I was also having the same problem. I am using python 3.7.7 and R 4.0.1. I could solve the problem with a small change in both generated peak file after macs and the source code of "add_pmat.py". In the source code between lines 152 and 153 I added the following chunk:

import pandas as pd df = pd.read_csv(fout_frag.name,sep="\t",header=None) df.loc[:,0] = df.loc[:,0].str[2:-1] df.to_csv(fout_frag.name,sep="\t",header=False,index=False)

This removes the "b'" from the temprorary fragment file generated. As I said you also need to remove the "b'" from the generated peaks.combined.bed file. That is easily achievable within R after completing first part of step 14. Something like this should work: peaks.df$seqnames = substring(peaks.df$seqnames, 3) peaks.df$seqnames = substr(peaks.df$seqnames, 1, nchar(peaks.df$seqnames)-1) write.table(peaks.df,file = "peaks.combined.bed",append=FALSE, quote= FALSE,sep="\t", eol = "\n", na = "NA", dec = ".", row.names = FALSE, col.names = FALSE, qmethod = c("escape", "double"), fileEncoding = "")

I hope this solves the frustrating problem of being obliged to install older versions of R and Python to run snapATAC.

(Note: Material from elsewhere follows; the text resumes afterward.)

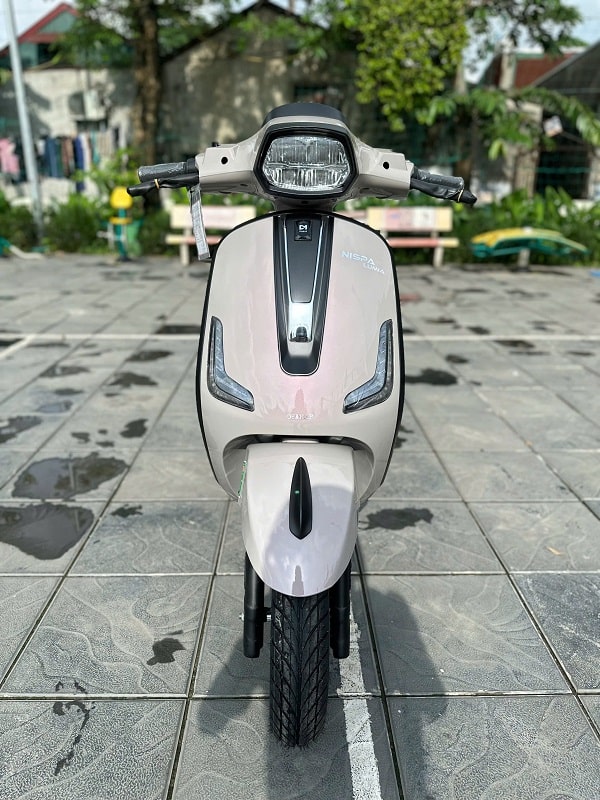 Xe máy điện Osakar Nispa Lumia New 2025 thiết kế đẹp, tinh tế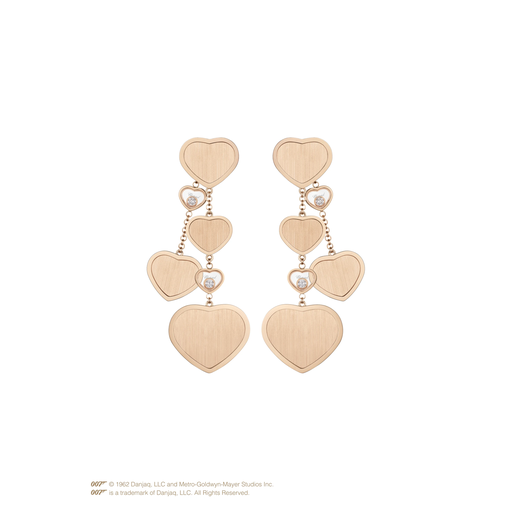 [83A707-5029]  Chopard - Happy Hearts Golden Hearts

yanwengong commented 3 years ago

@mfisher1995 I see that folks are still having this issue. From what I investigated, it's due to some conflict in the hd5 libraries. I have a singularity container that works fine. You can create the container using the Singularity file at https://github.com/rdalbanus/bioinf545_w20_snATAC. It's made for a singularity 2.5.2, if I'm not mistaken. Alternatively, you can create a conda environment and follow the steps outlined in the %post section in the Singularity file. Hope this helps!

Hello! I have created a Conda environment and followed the steps outlined in the `%post. I wonder from which step should I re-process the data? Do I need to go back and redo "snaptools snap-pre" or just the "snaptools snap-add-pmat" step? Thanks for your help in advance.